Qatar has launched the construction of a $718.4 million water and power plant, the Gulf Arab state's first private sector power and water project.
Crown Prince Sheikh Jassim bin Hamad al-Thani laid the foundation stone for Ras Laffan Power and Water Project, whose capacity will reach 750 megawatts and 40 million gallons a day of desalinated sea water in its first phase.
The plant will be commissioned in April 2003 and will become fully operational in May 2004. In the second phase, its capacity will rise to 1,500 megawatts and 80 million gallons per day.
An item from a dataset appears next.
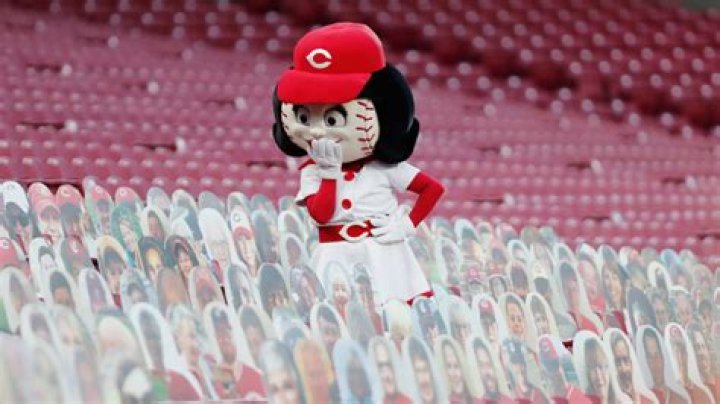 Why are they called the Cincinnati Reds?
U.S. firm AES Corp. owns 55 percent of the plant's shares, Qatar Electricity and Water Company (QEWC) holds 25 percent and the rest is equally owned by Qatar Petroleum, which will provide the plant with natural gas, and Kuwait-based Gulf Investment Corporation.
AES Corp. is the first foreign concern allowed by the oil-and gas-rich state to own a majority stake in a local project.
The fast track project is expected to help bridge the shortfall in the country's power generation capacity over the coming decade. Demand for power has been rising at about 9 percent a year.
Qatar's current power generation capacity stands at 1,818 megawatts, while peak demand last summer exceeded 1,980 megawatts, causing occasional power breakdowns.
The country is in the process of raising its capacity by 1,130 megawatts in the coming three years.
The Ras Laffan Power and Water Company will sell its output to Qatar General Electricity and Water Corporation under a 25-year power and water purchase agreement to be sold on to consumers.
Power and water supply is free for Qataris while expatriates and commercial establishments pay a subsidised 0.06 riyals ($0.02) per kilowatt hour (kwh) of electricity and 4.40 riyals per cubic meter of water.